Bill Clinton and the Clinton Global Initiative unveiled a new plan today to provide leadership training for principals in developing countries. Over the next four years, 10,000 principals in Kenya, Ghana and India will work with the Varkey GEMS Foundation and the United Nations Education, Scientific and Cultural Organization (UNESCO).
For the first year, 50 to 60 trainers will work with 500 principals in these countries, according to the UN News Center. For the next three years, the 500 principals will be charged with training their peers. The groups are estimating that up to 10 million children could benefit from the program.

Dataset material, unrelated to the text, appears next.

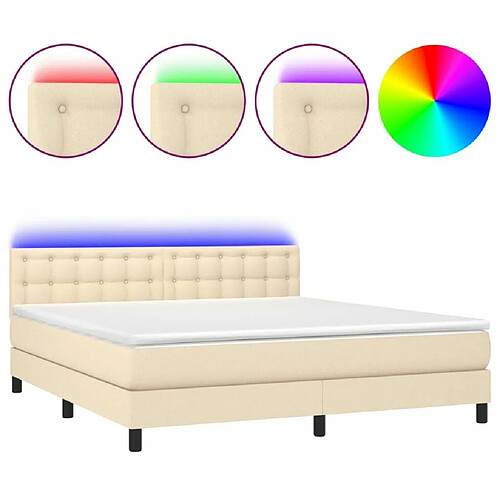 Maison Chic Lit adulte- Lit + matelas,Sommier à lattes de lit avec matelas LED Crème 180x200 cm Tissu -GKD89766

A blog posted today on Nigeria’s Daily Times argues that a growing economic divide between rich and poor, coupled with the rise of private education and deterioration of the public schools, has left the country with a largely overlooked “education apartheid.”
The author paints a bleak picture of the public schools that rich families flee in favor of higher quality private schools and poor students are stuck in, noting that, among other things, 25 percent of teachers aren’t even qualified to teach according to the Universal Basic Education Commission.
Blaming dictator Ibrahim Babangida and cuts he made public education, the blog details how schools in the country were not always in such a sorry state and argues that the government is neglecting its constitutional promises to students, concluding:
The options before our rulers are stark and clear. They can continue down the path of “separate development” in which the best facilities are available to a tiny few, and be prepared to reap the whirlwind when the resentment and tensions reach boiling point. Or they can remember their constitutional obligations and invest in our public schools and create adequate educational opportunities for all according to merit and not ability to pay. UNESCO insists that at least 7% of GDP should be allocated to education. Neither UNESCO nor the World Bank knows what percentage of its GDP Nigeria spends on education. We need to increase public spending in education to recruit more teachers in public schools, offer them decent terms and conditions in order to attract better calibre recruits, invest in their training, improve the infrastructure, build more schools and equip them adequately.
We can’t afford to continue to leave the future of the economically disadvantaged majority of Nigerians in the hands of semi-literate, disinterested teachers in environments that are woefully inadequate for learning. That would be a recipe for disaster.